332nd AIR EXPEDITIONARY WING --
The Air Force Wounded Warrior program recently hosted an event for commanders, first sergeants and others who focus on taking care of Airmen, Feb. 8, 2021.
The event is designed around first-hand testimony from a wounded warrior and subsequent question and answer to identify ways that a command can support Airmen who are injured in the line of duty.
This virtual meeting featured the story of active-duty explosive ordnance technician, Staff Sgt. Guadalupe Corona, who goes by Wally. He walked the audience through much of his career explaining both the highs and the lows, ultimately explaining how he recovered from injury, both physical and mental, and was able to return to active service.
“Staff Sgt. Corona’s story provided our leadership team direct insight into the challenges our Airmen experience on the field of battle and later at home,” said Col. Matthew Crowell, the vice-commander for the 332nd Air Expeditionary Wing, who hosted the event in the deployed location. “His insights highlighted the continued need for our resiliency-focused efforts, specifically on the mental health front. His example demonstrates the importance of our enduring prioritization of our Airmen, ensuring we value them as the most important asset and provide the education so they know when and how to ask for help.”
A group of EOD Airmen currently assigned to the 332nd AEW also attended the briefing, one of whom has served with Corona in the past.
Master Sgt.

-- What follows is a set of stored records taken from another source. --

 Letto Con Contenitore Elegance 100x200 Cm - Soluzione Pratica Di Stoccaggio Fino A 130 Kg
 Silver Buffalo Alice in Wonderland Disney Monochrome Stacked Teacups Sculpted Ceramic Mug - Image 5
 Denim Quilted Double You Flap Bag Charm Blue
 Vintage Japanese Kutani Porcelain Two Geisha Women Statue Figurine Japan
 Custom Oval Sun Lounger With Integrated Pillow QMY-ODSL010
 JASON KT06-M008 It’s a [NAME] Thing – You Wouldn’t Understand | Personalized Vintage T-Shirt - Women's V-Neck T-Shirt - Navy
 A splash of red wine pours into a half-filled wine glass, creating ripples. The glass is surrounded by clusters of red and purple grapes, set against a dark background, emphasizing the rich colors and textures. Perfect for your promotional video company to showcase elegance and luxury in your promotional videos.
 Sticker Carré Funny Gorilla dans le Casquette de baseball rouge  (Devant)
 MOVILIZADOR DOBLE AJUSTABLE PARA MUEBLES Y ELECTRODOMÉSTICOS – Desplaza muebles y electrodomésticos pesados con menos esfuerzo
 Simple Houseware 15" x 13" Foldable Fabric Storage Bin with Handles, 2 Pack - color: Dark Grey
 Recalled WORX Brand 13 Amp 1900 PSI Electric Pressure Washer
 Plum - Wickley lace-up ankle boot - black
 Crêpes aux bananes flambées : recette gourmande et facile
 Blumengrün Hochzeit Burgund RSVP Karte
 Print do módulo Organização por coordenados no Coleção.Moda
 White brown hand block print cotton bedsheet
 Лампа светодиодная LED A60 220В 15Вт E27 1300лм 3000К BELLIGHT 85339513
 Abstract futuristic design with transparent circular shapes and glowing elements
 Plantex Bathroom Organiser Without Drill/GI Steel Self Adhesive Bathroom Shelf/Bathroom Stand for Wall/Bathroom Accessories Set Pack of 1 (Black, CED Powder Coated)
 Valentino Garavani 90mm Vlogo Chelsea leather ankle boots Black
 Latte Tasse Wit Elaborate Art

Mathew Kimberling, the lead EOD technician at the 332nd, sat in the audience listening to a brother-in-arms, and later reflected on the importance of Corona’s story saying, “I thought it was important, not everyone will experience these things,” he said, speaking of the battle field, “but for those that do, it’s more a matter of ‘when’ than ‘if’ they will be affected by some of it, and that’s important for my guys to hear.”
He went on to add that although the tempo of operations has slowed since the intense operations in Iraq where EOD crisscrossed the country disarming IEDs, he hopes that younger Airmen in their ranks can absorb the hard-won wisdom and face inevitable hurdles more gracefully.
Kimberling said his own career began with tremendous intensity at the fledgling grade of airman first class, but it was a full decade later that he felt the compounding experiences of battle, of losing close friends and surviving close calls and turned to health care professionals for perspective.
“There is a compounding effect these things have and it’s going to affect everybody at some point,” and although he and his fellow Airmen are at times reticent to talk about it, events like this give them the information they need to find a listening ear when the situation demands it.
Kimberling says he hopes that these lessons are not lost on a new generation of Airmen who are just stepping onto their path, a path made clearer by the experiences of people like Staff Sgt. Guadalupe “Wally” Corona.